Skip every picture while you write out the records below, from the first line through the one that contains "4616 Gold Poppy Way - Photo 1", both ends kept.
(Material shown)
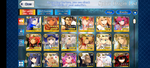 Screenshot_20201220-221820.png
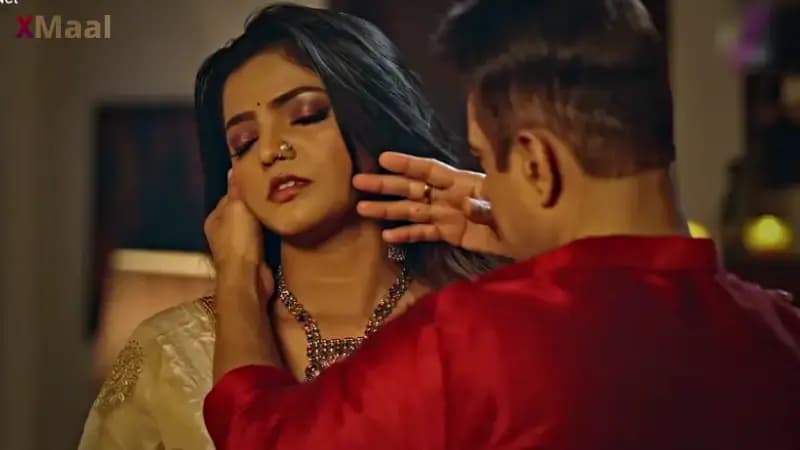 Pehla Nasha Episode 6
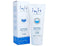 Inis the Energy of the Sea Revitalizing Body Lotion, 7 Fluid Ounce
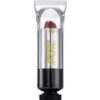 L'Oreal Crushed Foil Lipstick - 7 Bronze buy online shopping cheap sale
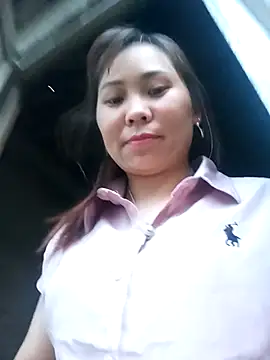 Mpchaola online show from April 20, 2026, 11:24 am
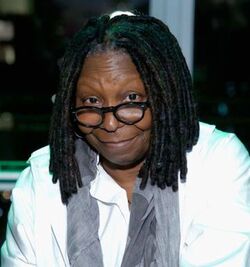Whoopi.jpg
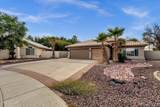 4616 Gold Poppy Way - Photo 1
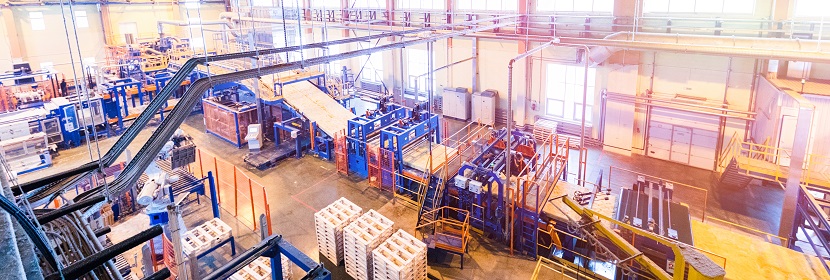 分析消毒產品穩定性的測定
(End Material shown)
__Reply to the task__.
 Screenshot_20201220-221820.png
 Pehla Nasha Episode 6
 Inis the Energy of the Sea Revitalizing Body Lotion, 7 Fluid Ounce
 L'Oreal Crushed Foil Lipstick - 7 Bronze buy online shopping cheap sale
 Mpchaola online show from April 20, 2026, 11:24 am
Whoopi.jpg
 4616 Gold Poppy Way - Photo 1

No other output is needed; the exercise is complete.